The problem the Government faces is that its policy isn’t working. It is predicated on making it illegal to arrive in this country other than by lawful routes and then deporting the migrants to Rwanda. So far the detention powers in the much-contested Illegal Migration Act have not been used. If the idea were to send migrants to Rwanda in order to process applications for asylum, and then resettle in the UK those whose cases were well-founded, this might be feasible. But that is not the plan. The proposal is that they should be sent to Rwanda and then resettled there or sent back to their home country. This is a breach of the 1951 Refugee Convention, which contains the principle of non-refoulement – an absolute bar on repatriating a refugee to a country where they might face persecution. This is why the Government will almost certainly lose the case in the Supreme Court when it appeals against last month’s ruling by judges that it is unlawful to send asylum seekers to Rwanda on precisely these grounds.
The court ruled that there was a real risk that people would be returned to their home countries, where they face persecution or other inhumane treatment, when they had a good claim for asylum. Arguing that many of them are, in reality, economic migrants who are not fleeing for their lives is not going to work. Many dispose of their identity documents and concoct stories (with the help of some unscrupulous lawyers now being targeted by the Government) to say that they are at risk if returned. Sometimes it is not clear where they have come from and, if it is, their countries refuse to take them back. Even if the Rwanda transfers are ruled lawful, they will affect just a small proportion of arrivals, although it may act as a deterrent and reduce the traffic, as intended.
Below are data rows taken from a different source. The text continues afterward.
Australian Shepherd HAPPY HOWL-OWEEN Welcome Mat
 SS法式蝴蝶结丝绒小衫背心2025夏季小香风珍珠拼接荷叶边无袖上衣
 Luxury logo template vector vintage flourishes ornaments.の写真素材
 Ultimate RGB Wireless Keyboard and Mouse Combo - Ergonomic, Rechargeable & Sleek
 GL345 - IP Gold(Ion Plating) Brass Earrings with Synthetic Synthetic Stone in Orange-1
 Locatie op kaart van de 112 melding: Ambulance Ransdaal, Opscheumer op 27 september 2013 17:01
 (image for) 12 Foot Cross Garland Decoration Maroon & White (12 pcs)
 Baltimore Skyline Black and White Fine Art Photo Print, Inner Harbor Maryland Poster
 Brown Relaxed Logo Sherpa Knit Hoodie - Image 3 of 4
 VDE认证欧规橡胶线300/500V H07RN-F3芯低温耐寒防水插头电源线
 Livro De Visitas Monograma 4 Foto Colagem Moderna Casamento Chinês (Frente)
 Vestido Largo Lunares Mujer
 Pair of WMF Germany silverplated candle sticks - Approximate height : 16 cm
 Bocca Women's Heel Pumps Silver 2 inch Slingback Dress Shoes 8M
Nonetheless, the policy looks dead in the water, so what is the alternative both to stopping the boats and housing the migrants? Clearing the backlog of extant asylum cases would clearly help, but they number more than 100,000 so that will take ages. The Home Office appears to be cutting people from the list for failing to meet certain conditions, but that does not help with where to put them. If they cannot claim refugee status, they may never be able to work, at least not legally, and will become a burden on the state unless removed. The weather has helped by making crossings more difficult, with around 350 arriving this month so far. Nearly 2,000 came across in the same period last year. Rishi Sunak, sunning himself in California, must pray that England’s unseasonable and stormy summer continues.
But if not Rwanda, then where? Someone in Whitehall has floated the idea of Ascension Island. As a British territory, this is less likely to be struck down by the courts, provided the asylum applications were properly processed and successful refugees were settled back in the UK. Those who failed could be deported, though, again, it is not always clear where they came from. It would also be hugely expensive and take time to set up a processing regime, even if there is an RAF/US base there already. There are largely uninhabited islands aplenty closer to home that could be used, though the good people of Lundy (population 28) or Eigg (110) might object. For many years, Australia processed its asylum applications on the island of Nauru and successfully reduced the illegal traffic into the country. It is, like the UK, party to the 1951 Refugee Convention. If Australia can do it, why can’t we?